SOT-23 Pin-Out: base and emitter are inverted

hey stop, something ambiguous here, let’s check more deeply

I believe that this( yours ) inner voice is there now, and that the next time that you will start modifying anything you will probably hear it screaming… :slight_smile:

If not all, then surely most of every PCB designer has been in your position at least once.

70+ posts, on a topic for a 3pin symbol, seems really funny to me now, honestly.

Headache for the library maintainers. For sure.
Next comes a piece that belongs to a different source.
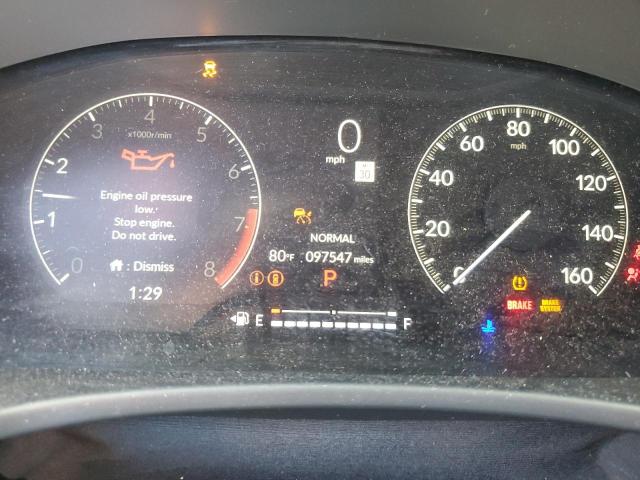 19XFL2H82NE022054 - 2022 HONDA CIVIC SPORT Bleu photo 9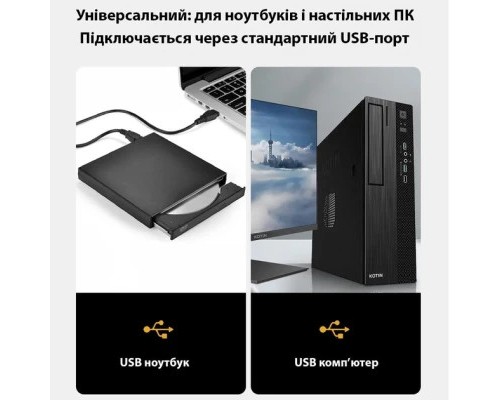 Оптичний привід DVD-RW Maiwo K520B-D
Maybe not immediately, but at some point will do.

Once again, we( librarians ) are trying to keep the official libraries production ready.

When you are modifying things, you ought to check for breakage.

You also ought to verify “third” party content when you choose to make use of that.

We decided that( for our sanity )we will push some flexibility over to the symbol side.

I mean, it’s not a great issue to have both of them.

Maybe to you, but we are not that many people to afford introducing every possible variant in every possible way just because some manufacturers are making our “life” harder.

After all, KiCad’s library is a great great sample library for someone to start with.
It has bugs, known and unknown, it is getting better and better but not as fast as one might want.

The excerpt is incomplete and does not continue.